__DATA PROVIDED__.
>>>>>

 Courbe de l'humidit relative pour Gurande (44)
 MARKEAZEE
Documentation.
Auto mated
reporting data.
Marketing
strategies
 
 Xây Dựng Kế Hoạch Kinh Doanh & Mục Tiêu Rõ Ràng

<<<<<
>>>>>

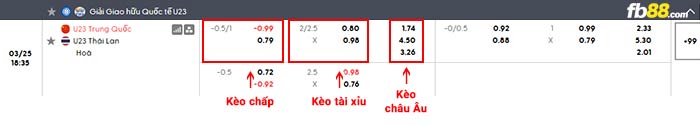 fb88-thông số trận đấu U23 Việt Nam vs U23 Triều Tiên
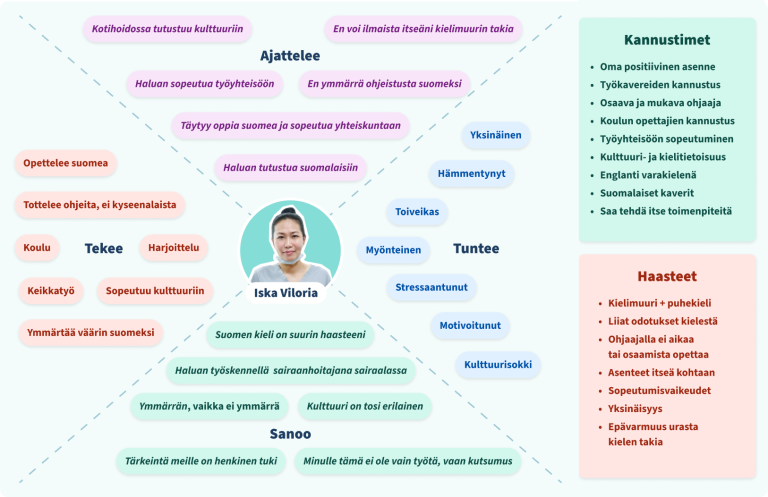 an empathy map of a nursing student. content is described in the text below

<<<<<
>>>>>

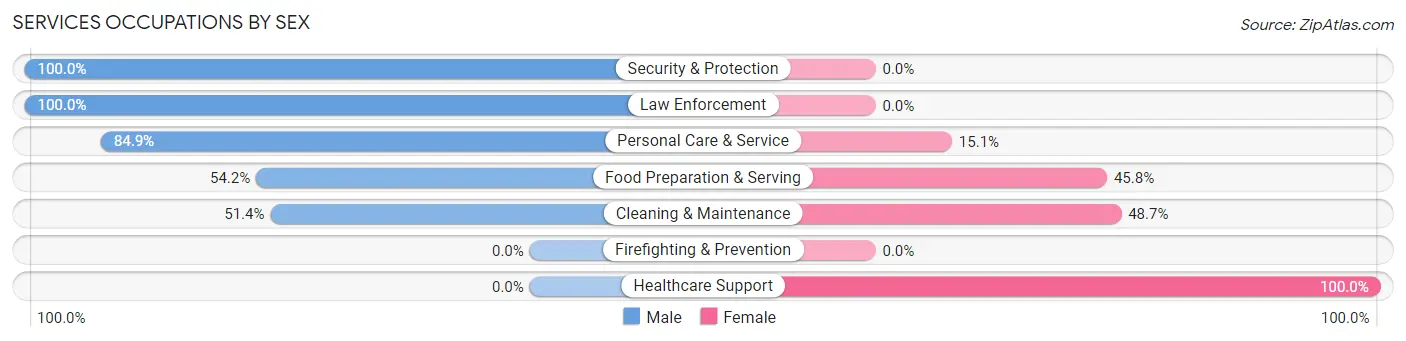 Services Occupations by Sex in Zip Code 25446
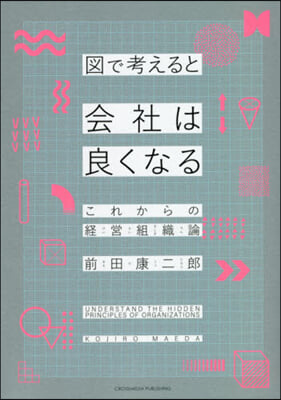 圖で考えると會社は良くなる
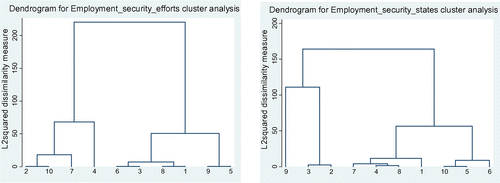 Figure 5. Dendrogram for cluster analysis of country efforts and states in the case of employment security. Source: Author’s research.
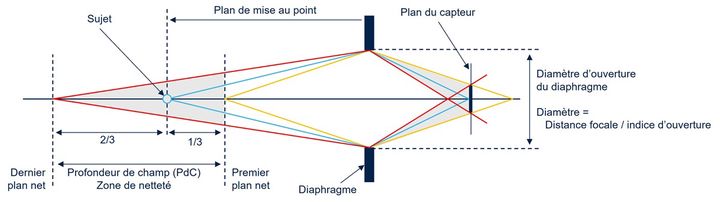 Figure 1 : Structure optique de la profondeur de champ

<<<<<

__PROMPT__. What you give back must be the stretch above, starting at the line with "Courbe de l'humidit" and ending at the line with "Xây Dựng Kế", copied exactly.

__WRITTEN ANSWER__.
 Courbe de l'humidit relative pour Gurande (44)
 MARKEAZEE
Documentation.
Auto mated
reporting data.
Marketing
strategies
 
 Xây Dựng Kế Hoạch Kinh Doanh & Mục Tiêu Rõ Ràng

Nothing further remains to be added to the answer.